[Material shown Boundary: Start]

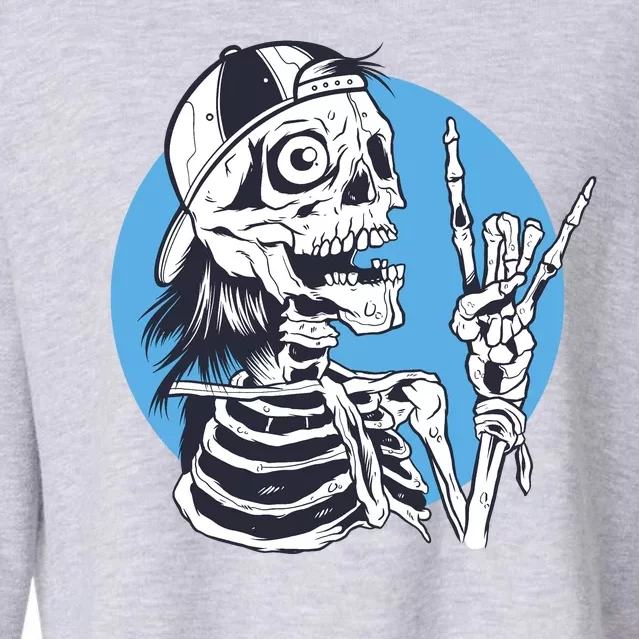 Skeleton Rock And Roll Cartoon Cropped Pullover Crew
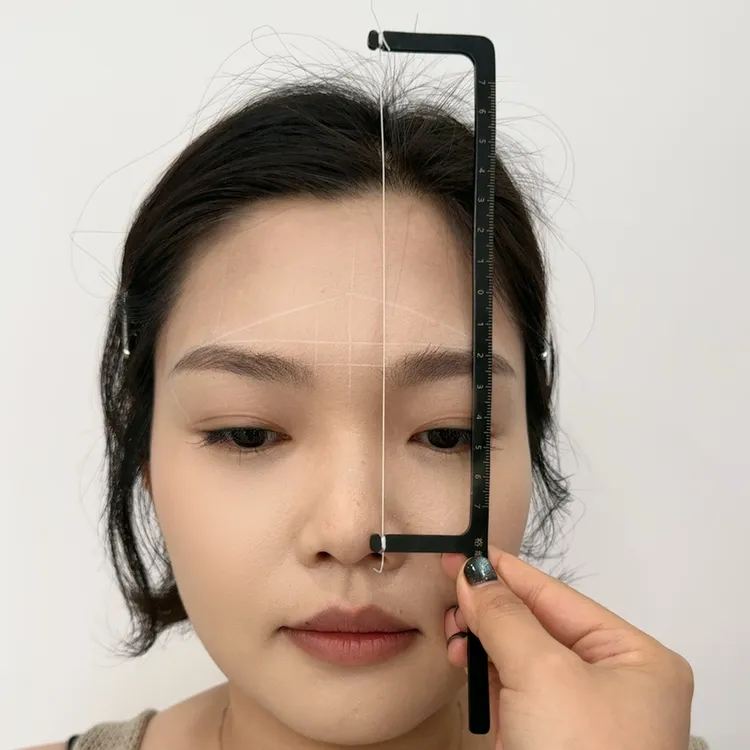 铝合金材质轻巧带有刻度线的纹绣眉形精准定位尺对称眉型画眉尺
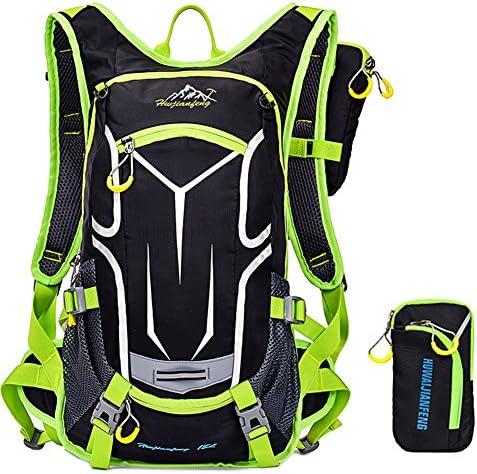 18L Outdoor Sportrucksack Light bike backpack with helmet-basketball-bag Rain protection cap (approx. 17.7 * 10.23 * 8.7inch) (green)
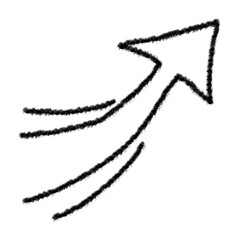 Grunge arrow vector icon. Line movement quirky brush line, doodle emphasis hand drawn arrow, paint mark. Express shape.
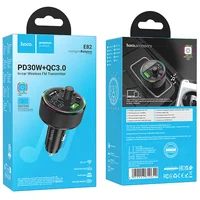 АЗУ FM модулятор Hoco E82 Guerrero PD30W+QC3.0 (2USB-A/1C) Black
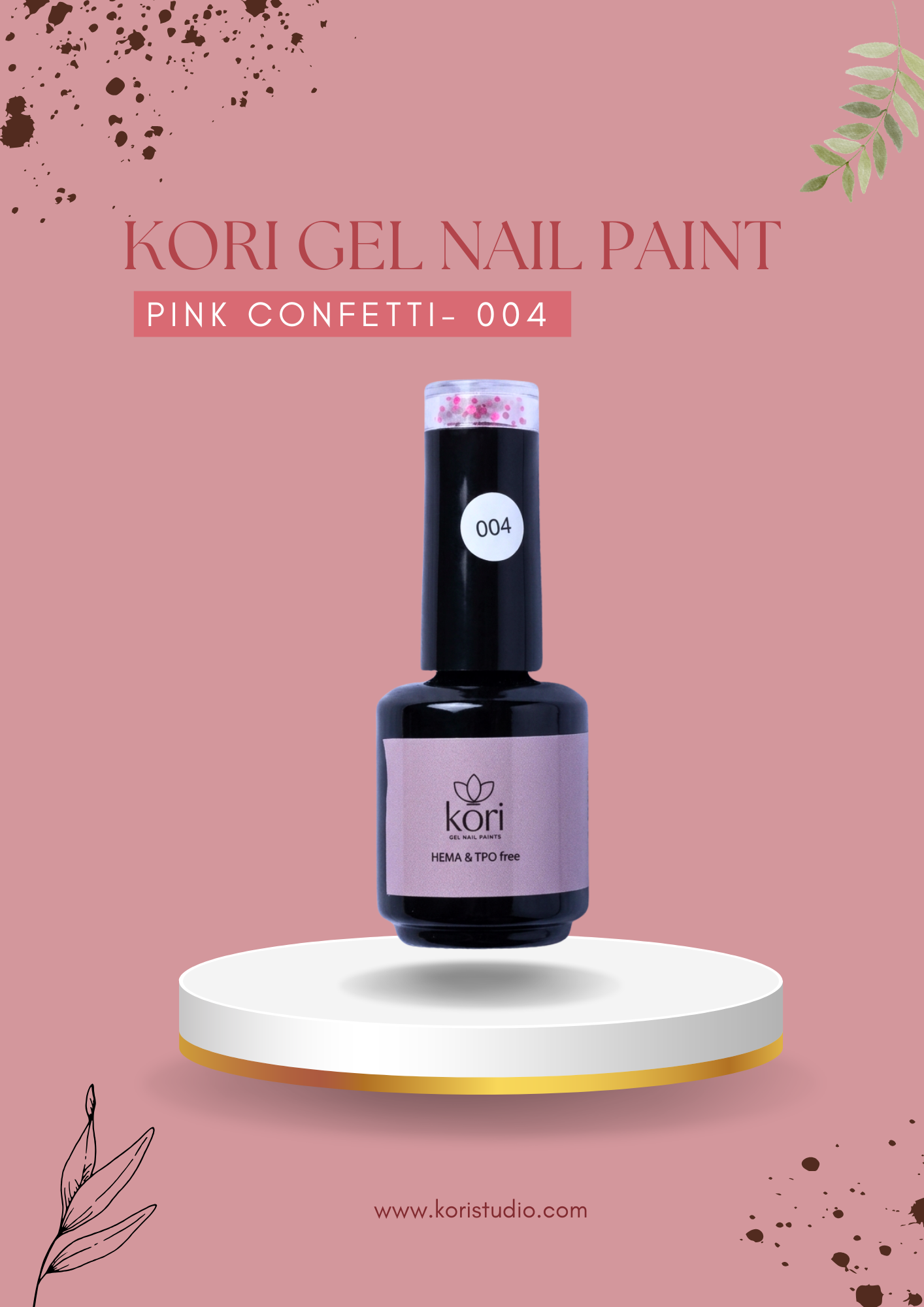 Kōri Glitter Gel Nail Paints | Long-Lasting Salon Formula | HEMA & TPO Free | 15 ml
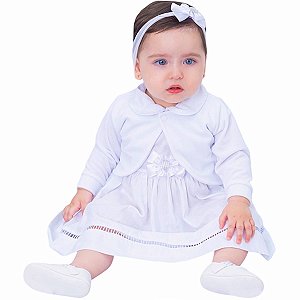 Vestido de Bebê Batizado com Bolero e Tiara 100% Algodão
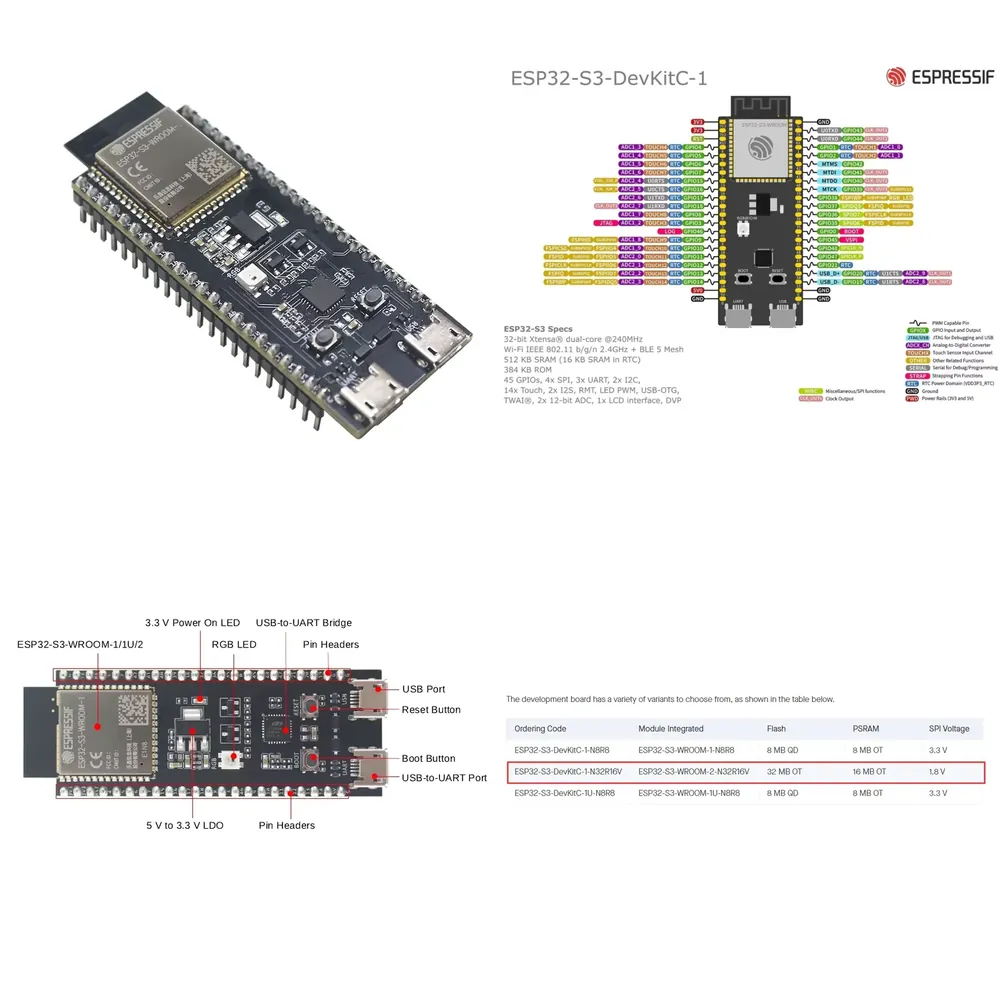 Esp32 Development Board - บอร์ดพัฒนา Espressif ESP32-S3-DevKitC-1 พร้อมโมดูล ESP32-S3-WROOM-2-N32R16V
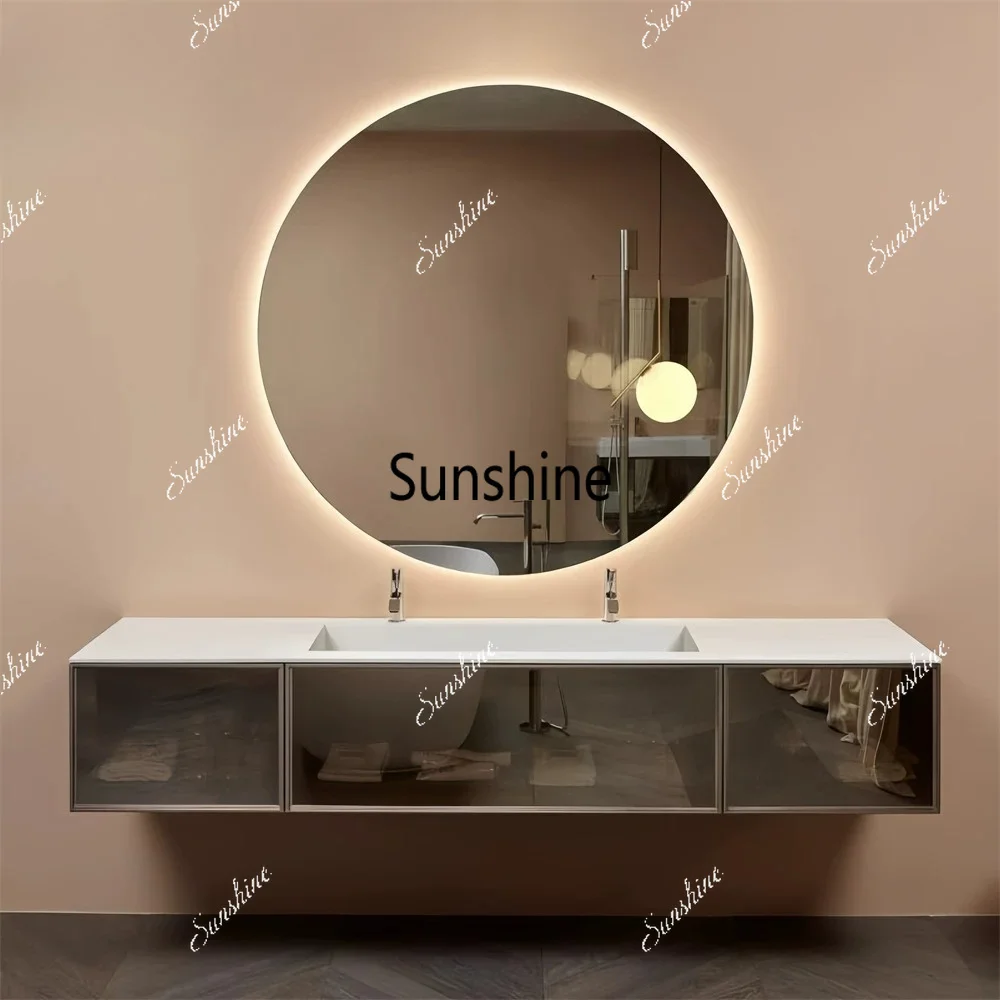 Double faucet large single basin washstand bathroom cabinet customization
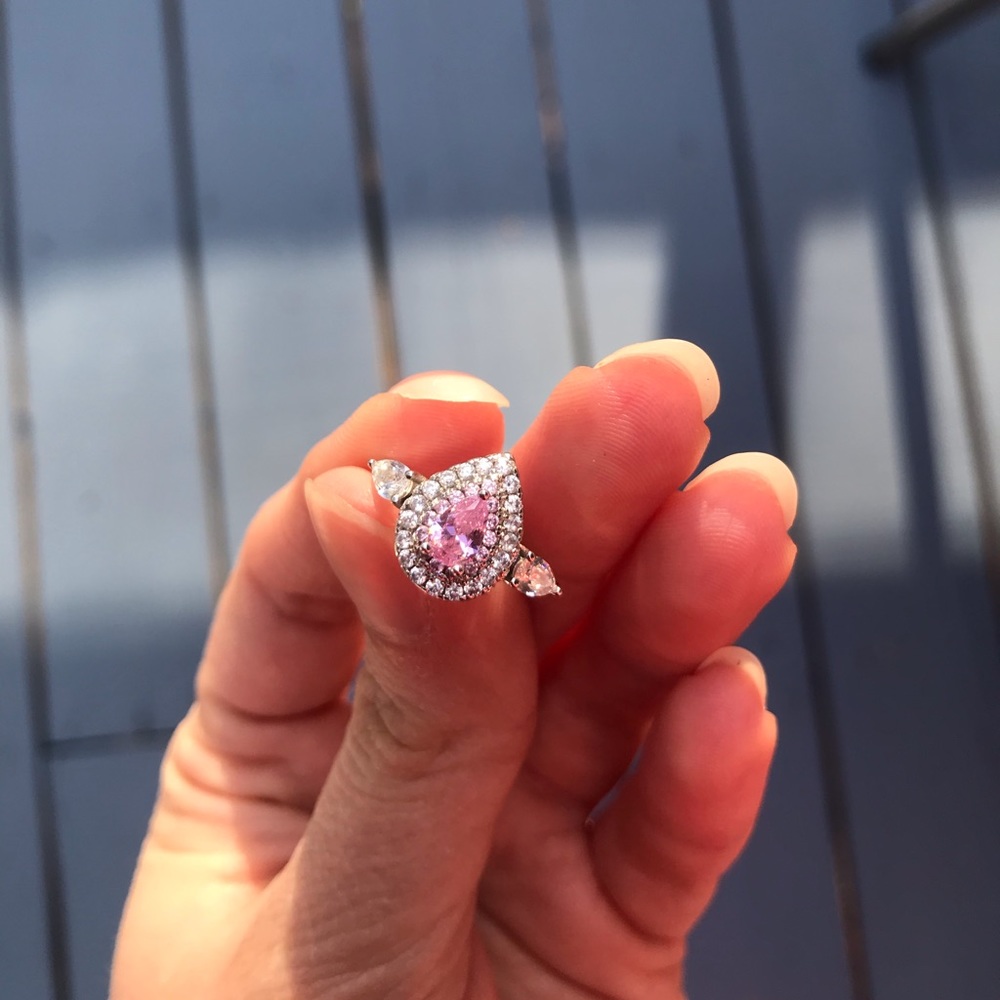 Pink triple stone ring size 6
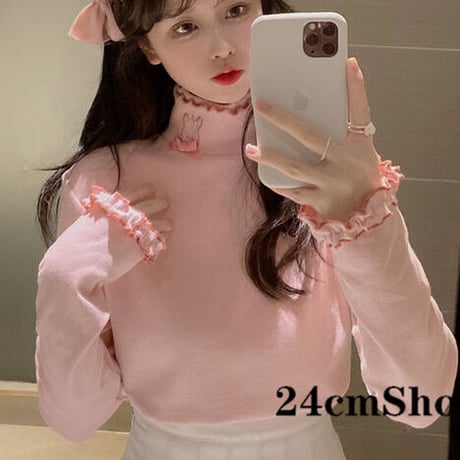 24cmshop かわいいウサギの長袖Tシャツ 1147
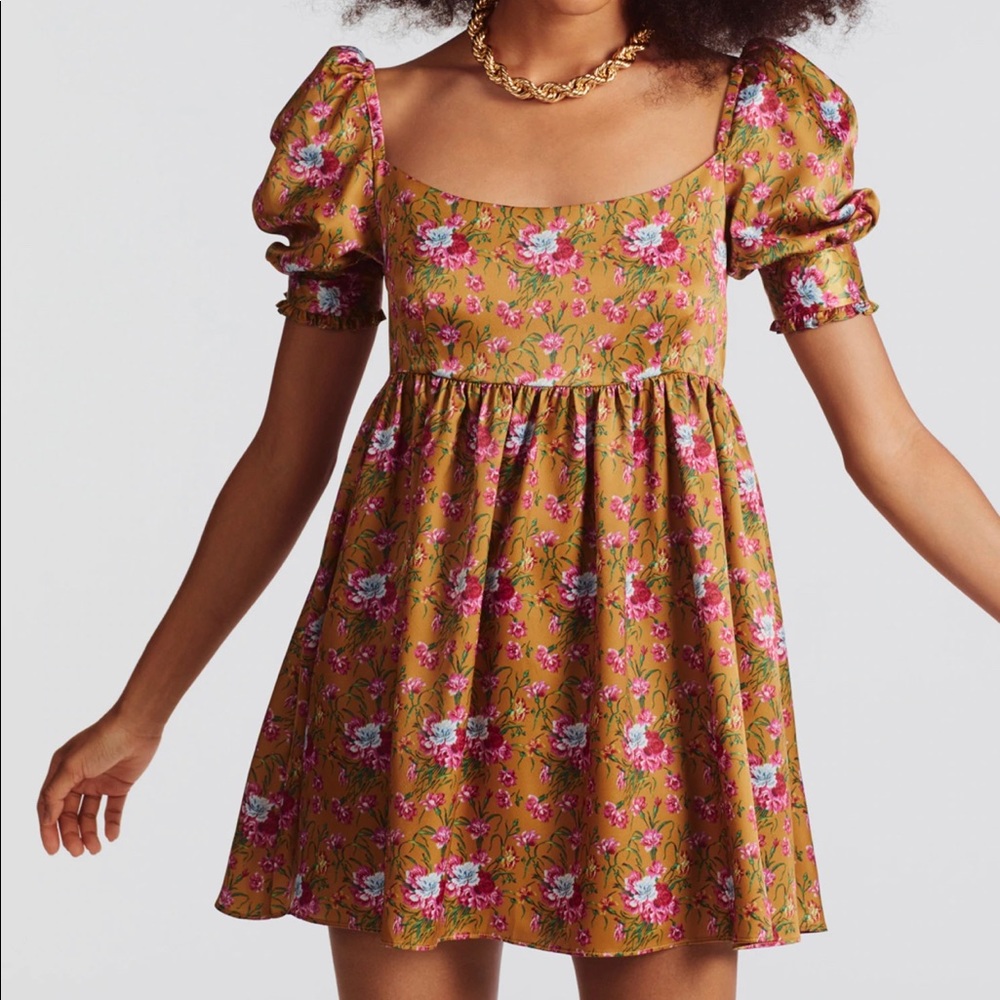 LoveShackFancy Floral Puff-Sleeve Mini Dress in Mustard and Pink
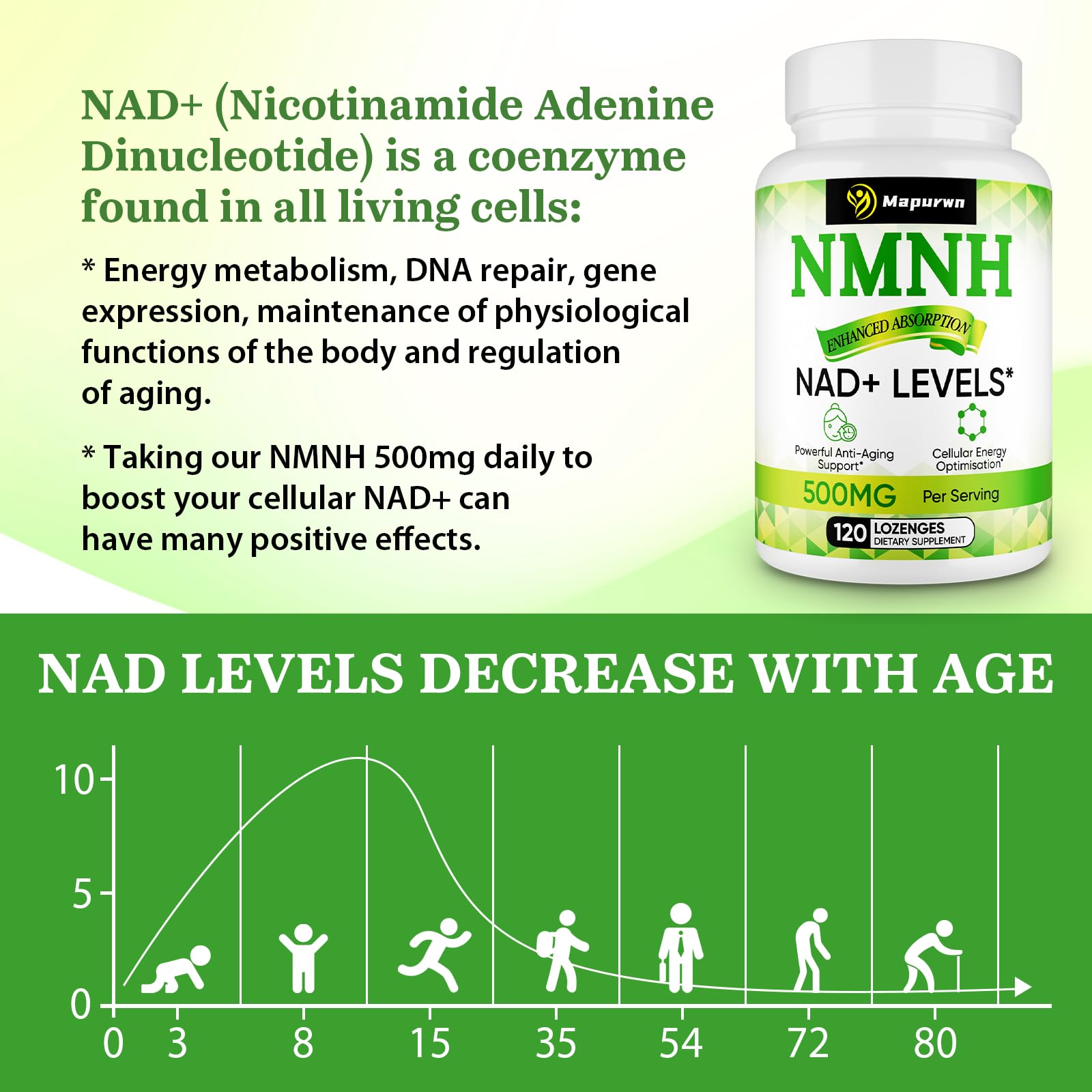 Mapurwn NMNH (Dihydronicotinamide Mononucleotide), NMN Supplement, 500mg per Serving NAD Supplement to Boost NAD+ Levels As We Age for Women & Men, Anti-Aging, Energy, Focus, 120 Count MapurwnAu supplements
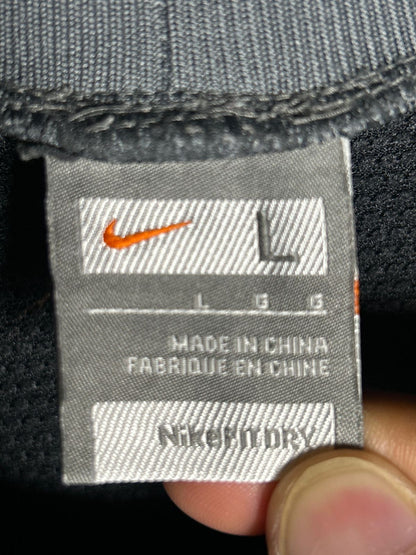 Nike Fit Dry Black Round High Neck Tee - Large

[Material shown Boundary: End]

§ **About this task**
Return the listing verbatim, pictures omitted.

§ **Response for this exercise**
 Skeleton Rock And Roll Cartoon Cropped Pullover Crew
 铝合金材质轻巧带有刻度线的纹绣眉形精准定位尺对称眉型画眉尺
 18L Outdoor Sportrucksack Light bike backpack with helmet-basketball-bag Rain protection cap (approx. 17.7 * 10.23 * 8.7inch) (green)
 Grunge arrow vector icon. Line movement quirky brush line, doodle emphasis hand drawn arrow, paint mark. Express shape.
 АЗУ FM модулятор Hoco E82 Guerrero PD30W+QC3.0 (2USB-A/1C) Black
 Kōri Glitter Gel Nail Paints | Long-Lasting Salon Formula | HEMA & TPO Free | 15 ml
 Vestido de Bebê Batizado com Bolero e Tiara 100% Algodão
 Esp32 Development Board - บอร์ดพัฒนา Espressif ESP32-S3-DevKitC-1 พร้อมโมดูล ESP32-S3-WROOM-2-N32R16V
 Double faucet large single basin washstand bathroom cabinet customization
 Pink triple stone ring size 6
 24cmshop かわいいウサギの長袖Tシャツ 1147
 LoveShackFancy Floral Puff-Sleeve Mini Dress in Mustard and Pink
 Mapurwn NMNH (Dihydronicotinamide Mononucleotide), NMN Supplement, 500mg per Serving NAD Supplement to Boost NAD+ Levels As We Age for Women & Men, Anti-Aging, Energy, Focus, 120 Count MapurwnAu supplements
 Nike Fit Dry Black Round High Neck Tee - Large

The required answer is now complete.